Note that this structure differs from that of the MLP structure presented in Figure 5 in that it contains the following additional fundamental layer types:

• Convolutional Layers

◦ Comprised of Filters and Feature Maps

◦ Filters correspond to neurons of the layer

◦ Filters have weighted inputs and produce outputs like a neuron

◦ Filters input size is fixed and is a “window” for convolution

◦ Feature Maps contain current values within the moving filter window

• Pooling Layers

◦ Down-sample and consolidate features learned from previous feature maps

◦ Serve to generalize or compress features selected

◦ Reduce overfitting of model training

◦ Simple functionality – selection of either maximum or average of input value to establish a new compressed feature map

• Dropout Layers

◦ Used between other layers to further reduce overfitting not completely eliminated by pooling layers by randomly excluding neurons

◦ Specified by a Dropout Percentage

• Flatten Layers

◦ Converts multidimensional arrays to vectors that can be sent to fully connected layers for final processing by activation functions

• Fully Connected Layers

◦ Normal flat feedforward neural network layer

◦ Contain a ‘softmax’ or nonlinear activation function to output probabilities of predicted classes

◦ Utilized at the end of network to create combinations of nonlinear features used for predictions

While primarily used in image/object detection and classification, computer vision and natural language processing, the research surrounding this paper will investigate the feasibility of this network type to perform regression so as to detect and correct data errors imposed upon distribution state estimation.
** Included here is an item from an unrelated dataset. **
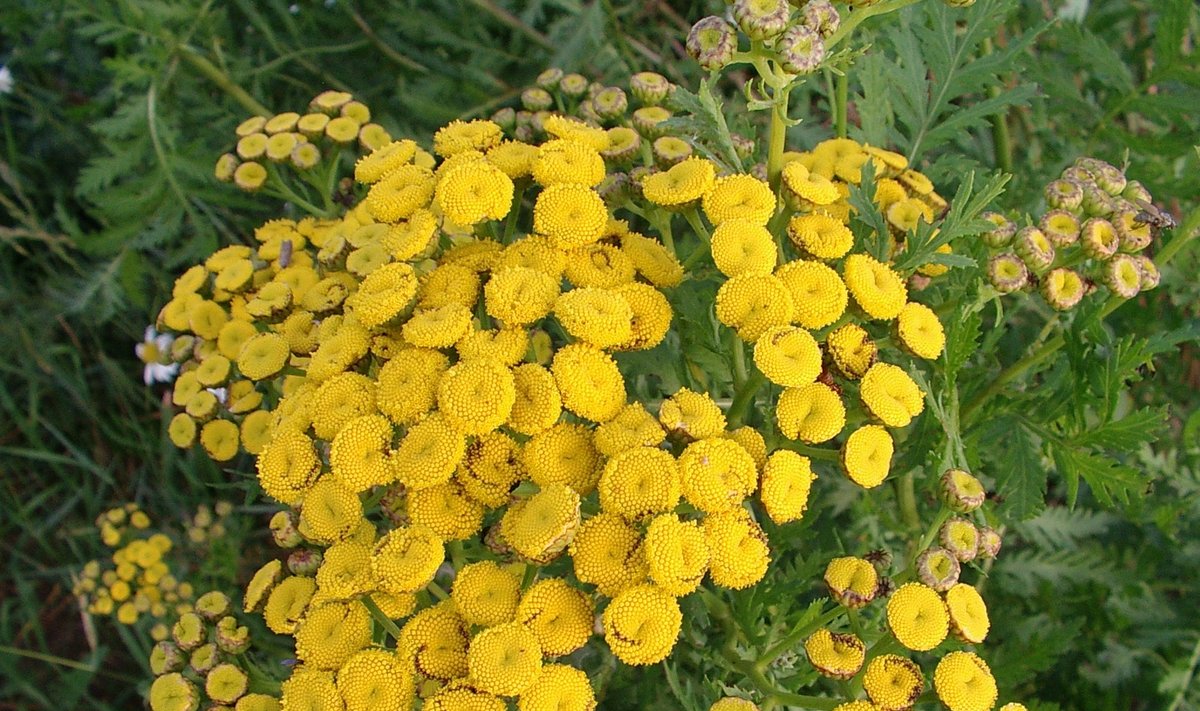 Kartais bitkrėslių dedama į gėlinius kvepalus. Džiovintos šluotelės tinka sausoms floristinėms kompozicijoms. Česlavos Deinarovič nuotr.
Regression in this context is the determination of numerical values such as the predicted system state values or the numerical values indicating the error and/or variance between actual and predicted values.

The principal advantage of this network type is its ability to automatically learn and generalize features from the input data.
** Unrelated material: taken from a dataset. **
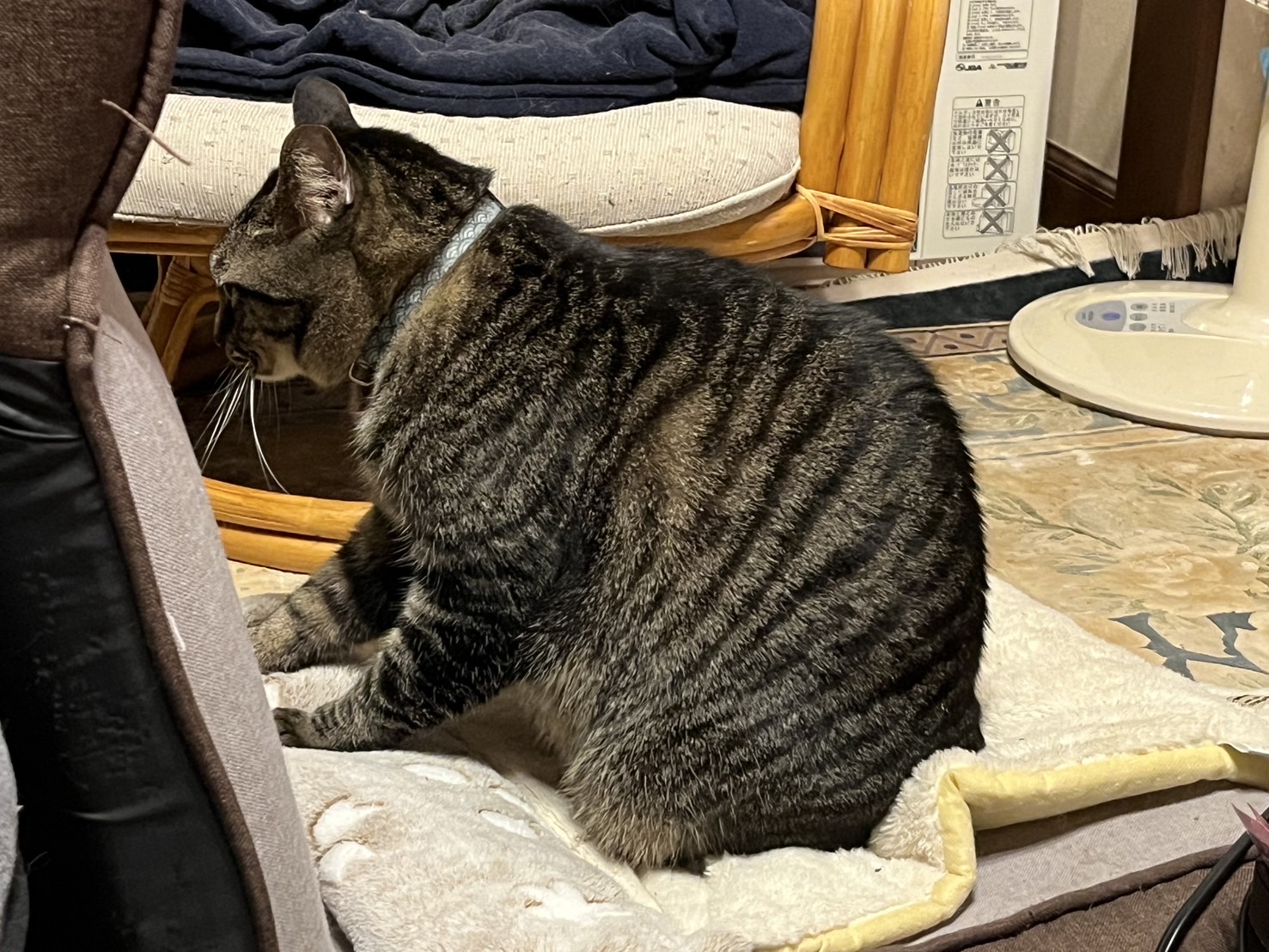1783856185-IMG_7988.jpeg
Recurrent Neural Networks (RNNs)

This type of network is also considered to be an improvement upon the classical MLP architecture in that it maintains an internal state (memory). There are three primary variants of RNNs:

• Bidirectional Recurrent Neural Networks (BRNN):

◦ RNNs that utilize future data along with data from previous inputs to improve accuracy

• Long Short Term Memory Networks (LSTM):

◦ Discussed in more detail in the next section.

• Gated Recurrent Units (GRUs):

◦ Like LSTMs, overcome short-term memory limitations of the basic RNN model

◦ Uses hidden states instead of “cell state” utilized by LSTMs

◦ Contains reset and update gates to control what information is retained and how much of this information to use for making predictions.

The principal advantage of this network type is that it maintains and passes features between layers, and thus very deep structures can be developed without the negative effects of exploding or vanishing gradients.

Long Short-Term Memory Networks (LSTMs)

This network is a type of RNN that can learn long-term dependencies between time steps of input sequence data by “remembering” the state between predictions. The following operations provide more details on the internal architecture of the LSTM unit.

• Step 1 – “Forget Gate” – Determines and eliminates previous information deemed as irrelevant and thus not useful

• Step 2 – “Store Gate” – Determines what new information to maintain as new candidate values

• Step 3 – “Update Gate” – Updates old cell state to new cell state

• Step 4 – “Output Gate” – Determines what is to be output for the next step

Hyper-Parameter Optimization

This research aims to provide an optimization method to determine the optimal hyper-parameters for desired performance metrics. Hyper-parameters include model parameters such as number of hidden layers and number neurons in a layer, and algorithm parameters such as adjustable learning rate. Hyper-parameters may be obtained using optimization methods such as grid search method, genetic algorithms, Bayesian optimization method, etc.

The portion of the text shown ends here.